Tale, tuttavia, non sarebbe il caso che occupa, nel quale (…) ha acquistato “un immobile per Euro 700.000,00, gravato da un vincolo ipotecario, senza pretendere dal suo dante causa la prova dell’estinzione di tutte le ragioni debitorie garantite, ma accontentandosi meramente di una dichiarazione non veritiera (cioè che il debito era estinto), resa nel rogito notarile”. Ciò che, peraltro, è facilmente spiegato “dalla circostanza, indubbiamente provata nel corso dei due gradi di giudizio in quanto mai smentita da controparte, che i soggetti acquirenti dell’immobile de quo erano i medesimi venditori”, sol che si ponga mente alla compagine sociale di (…) e (…); difatti, come da visura camerale in atti, soci della società acquirente erano Do.Vi., Ir.La. e Pa.Pe., i primi due anche soci della società venditrice, mentre il terzo è il figlio di altro socio (Fr.Pe., a suo tempo anche amministratore unico) di (…)

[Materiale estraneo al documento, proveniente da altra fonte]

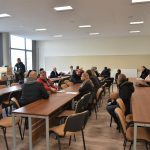 Duża grupa osób różnej płci i wieku siedząca na rozległej sali.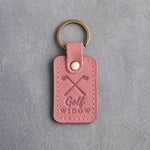 Rose pink leather keychain debossed with crossed golf irons above the words Golf WIDOW, on gray plaster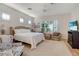 Serene main bedroom with neutral tones, plantation shutters, and a cozy seating area at 10320 Luxembourg Ave, Las Vegas, NV 89145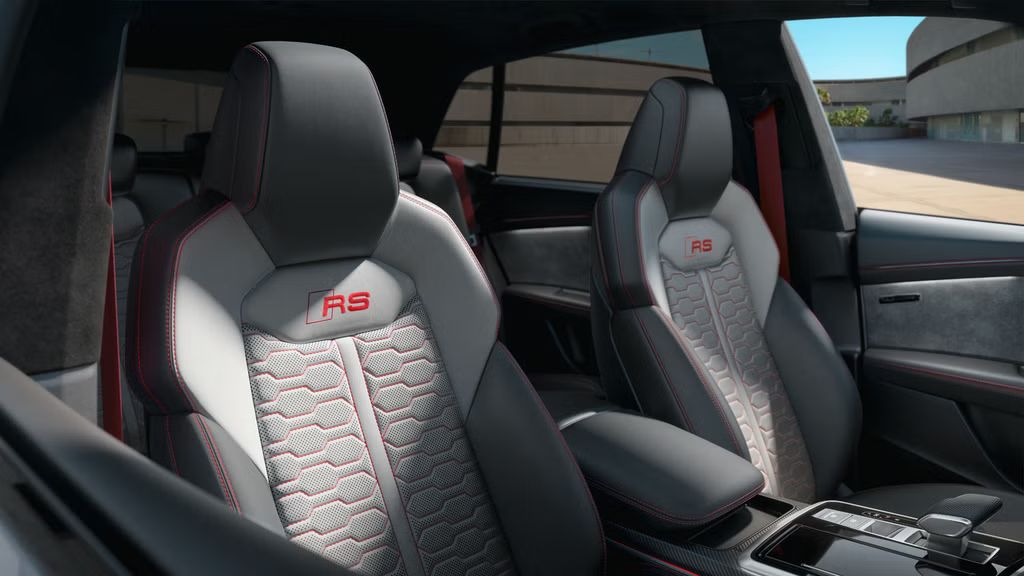 Blick auf die Sportsitze mit Lederausstattung Valcona Audi exclusive in Jetgrau/Silber mit Kontrastnähten, Gurten und gesticktem RS-Emblem auf den Lehnen und auf den Fußmatten in Karmesinrot.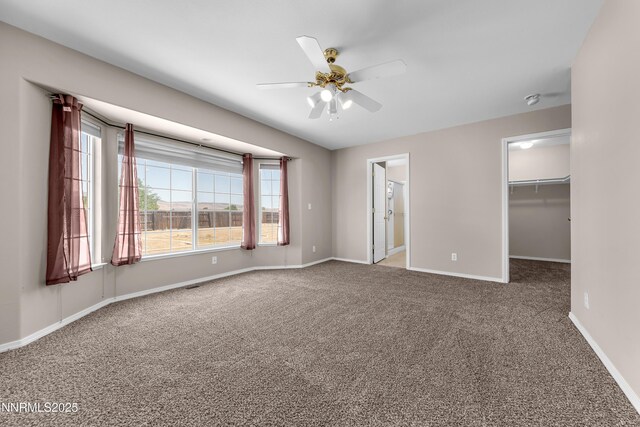 2172 Redhead Dr, Sparks, NV 89441 - unfurnished bedroom with carpet floors, a walk in closet, baseboards, and a ceiling fan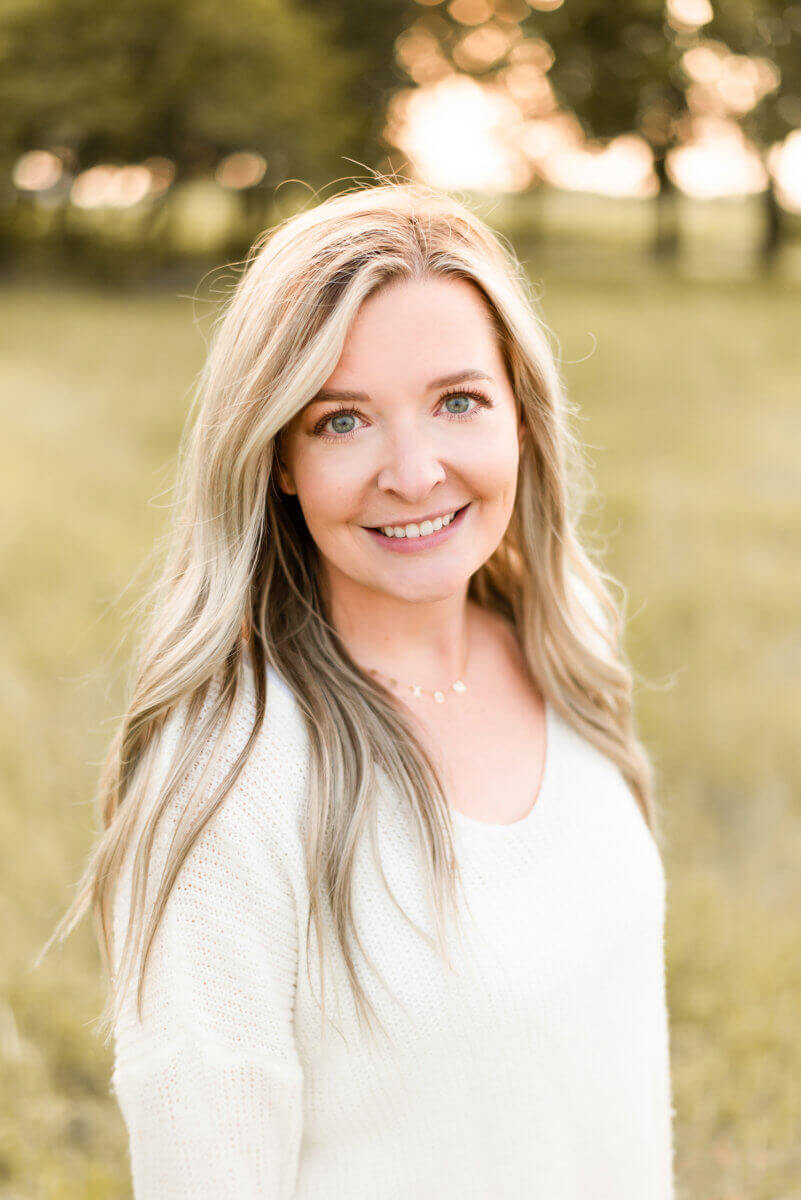 Nate's director of shopper marketing wearing a white sweater and standing in a sunlit field.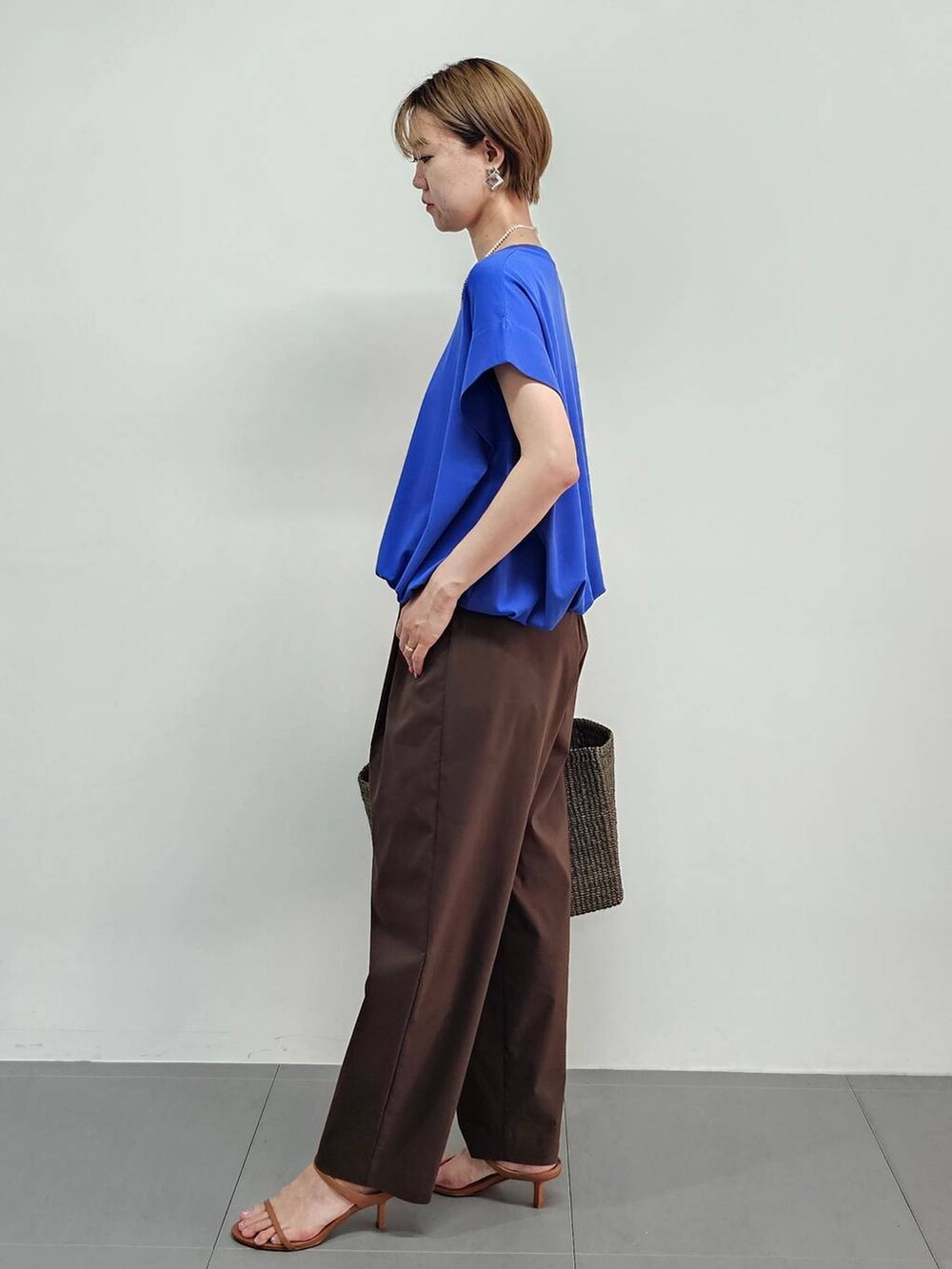 ブラウン系のかごバッグ、ブルー系のTシャツ/カットソー、ブラウン系のサンダルを着用したレディースの夏コーディネートの4枚目の写真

D’altra parte, nella medesima prospettiva, ovvero dell’assenza di buona fede della terza acquirente, rilevante sarebbe la circostanza che alla stessa data di conclusione del contratto di compravendita – il 2 maggio 2002 – e per ministero dello stesso Notaio, la società (…) venisse sciolta e posta in liquidazione. Così come, del resto, la sostanziale identità soggettiva tra chi ha comprato e chi ha venduto rende “difficile ritenere meritevole di tutela” – osserva la ricorrente – “chi ha comprato prima della formazione del decreto ingiuntivo (del quale era comunque a conoscenza, in quanto notificatogli in altra veste, quale garante della società alienante), consentendogli, ex art. 2859 cod. civ., di impugnarlo, pur essendo il medesimo già passato in giudicato da oltre quattro anni”.

3.2. Il secondo motivo denuncia – sempre ex art. 360, comma 1, n. 3), cod. proc. civ. – violazione dell’art. 1456 cod. civ..

In questo caso si censura la sentenza impugnata per aver ricollegato la decorrenza della risoluzione del rapporto contrattuale “alla data del 21 maggio 1997”, ovvero quella “in cui l’originaria creditrice comunicò alla debitrice di volersi avvalere della clausola risolutiva espressa prevista dall’art. 8 del contratto di mutuo”. La pronuncia in esame, pertanto, ha dato rilevanza, “rispetto all’antecedente dato obiettivo dell’inadempimento, al comportamento della creditrice, la quale accettando pagamenti in acconto, avrebbe manifestato implicitamente” – secondo la ricostruzione che la ricorrente fa del “dictum” della Corte territoriale – “il proprio intento di non volersi avvalere, sino a quella data, della clausola risolutiva espressa”.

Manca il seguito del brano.